上述した切り込み73及び折罫線74、75を有するシート材71を収容してケース1の2つの筐体2、3を接合すると、前面側の筐体2の内面2dに突設した押圧ピン78、79が第1部分21の幅方向における第2の切り込み73bの外側で第1部分21を押圧する。押圧ピン78、79による押圧前のシート材71の状態を図15に二点鎖線で示し、押圧後の状態を実線で示す。
図15に二点鎖線で示す状態から、押圧ピン78、79がそれぞれ切り込み73の幅方向の外側を押圧すると、シート材71が図15に実線で示す状態に近づくように変形され、シート材71の第1部分21が2本の折罫線74、75で折り曲げられ、押圧ピン78、79によるシート材71の押圧部分が押圧方向に対して傾斜する。この状態から押圧ピン78、79によってシート材71がさらに背面側に押し込まれると、押圧ピン78、79による押圧力の一部がシート材71の第1部分21を端壁1aに向けて移動させる方向の力として作用する。このとき、シート材71の第2部分22が背面側の筐体3に対して移動を規制されているため、第1部分21がケース1の端壁1aに向けて移動され、図15に実線で示す状態に配置される。
つまり、本実施形態においても、筐体2、3を接合してケース1を組み立てる動作により、シート材71の第1部分21を所定位置に位置決めすることができ、表示部72を筐体2の窓部5の中央に位置合わせすることができ、表示部72を見易くすることができる。

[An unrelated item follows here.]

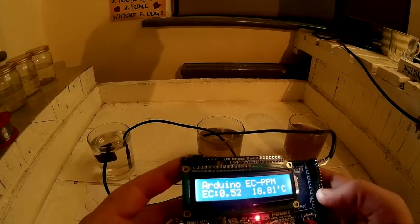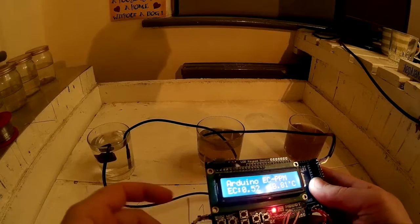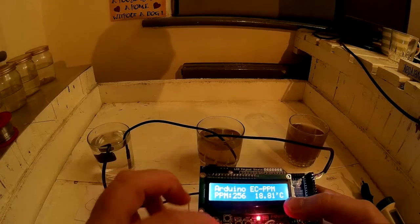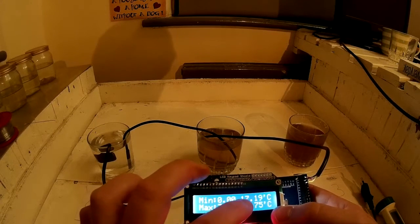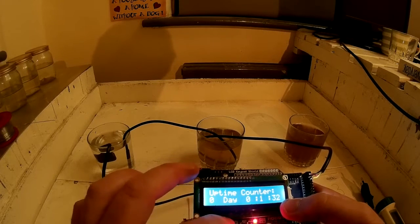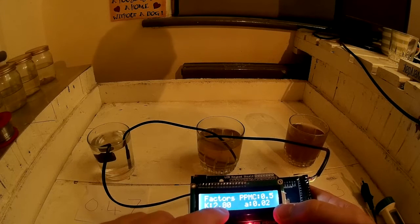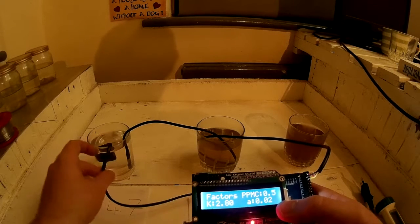We've also programmed the calibration value to be stored in EEPROM, so if you power this off and back on it'll still be calibrated. Let's run through the options. Clicking up shows the PPM reading, the minimum and maximum EC it's read, minimum and maximum temperature, an uptime counter so you know if the data is relevant, and the factors — your PPM conversion factor and your calibration factor for the probe, which is 2.8.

以上、いくつかの実施形態に基づいて本発明を説明したが、本発明は、上述した実施形態に限定されるものではなく、本発明の要旨の範囲内で種々の変形や応用が可能なことは勿論である。
例えば、上述した実施形態では、シート材4を折れ線L1、L2でJ字状に折り曲げた場合について説明したが、これに限らず、シート材4はL字状に折り曲げたものであってもよく、折り曲げずに平板状のものであってもよい。また、ケース1の中に収容する薬剤担持体はシート状に限らず、板状やブロック状であってもよい。例えば、薬剤担持体をブロック状とした場合には、上述した各実施形態のように切り込み27、31、42、44、52を設ける代わりに、押圧ピンが当接する薬剤担持体の表面に移動方向に傾斜した傾斜面を設ければよい。

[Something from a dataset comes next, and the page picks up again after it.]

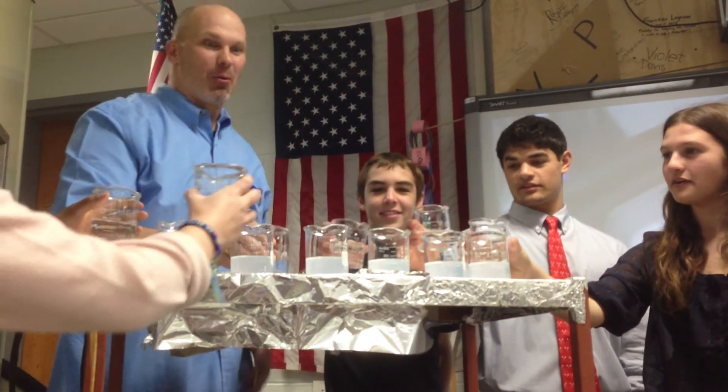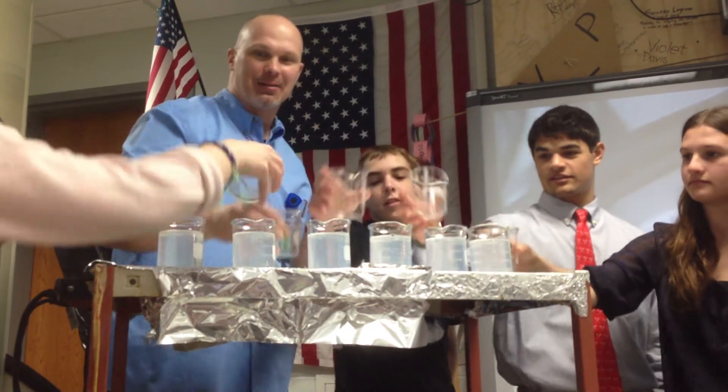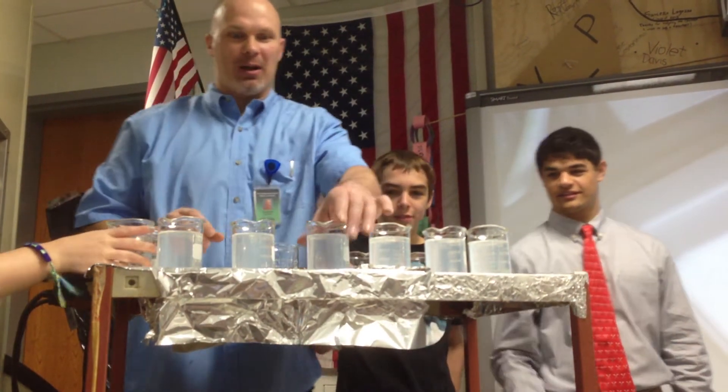In your beaker — one, two, three, pour. Put it down, get out of the way. See if we get what we want, what we like here.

また、上述した実施形態では、シート材4の第2部分22の移動を規制する嵌合体12を背面側の筐体3の内面3dに設けたり、第1部分21の端縁を当接させるスペーサ突起や突き当て凸部をケース1の内面に設けたりして、シート材4の移動を規制するようにしたが、例えば、ケース1の内面から突設した突起をシート材4に設けた孔に通してシート材4の所定方向への移動を規制するようにしてもよい。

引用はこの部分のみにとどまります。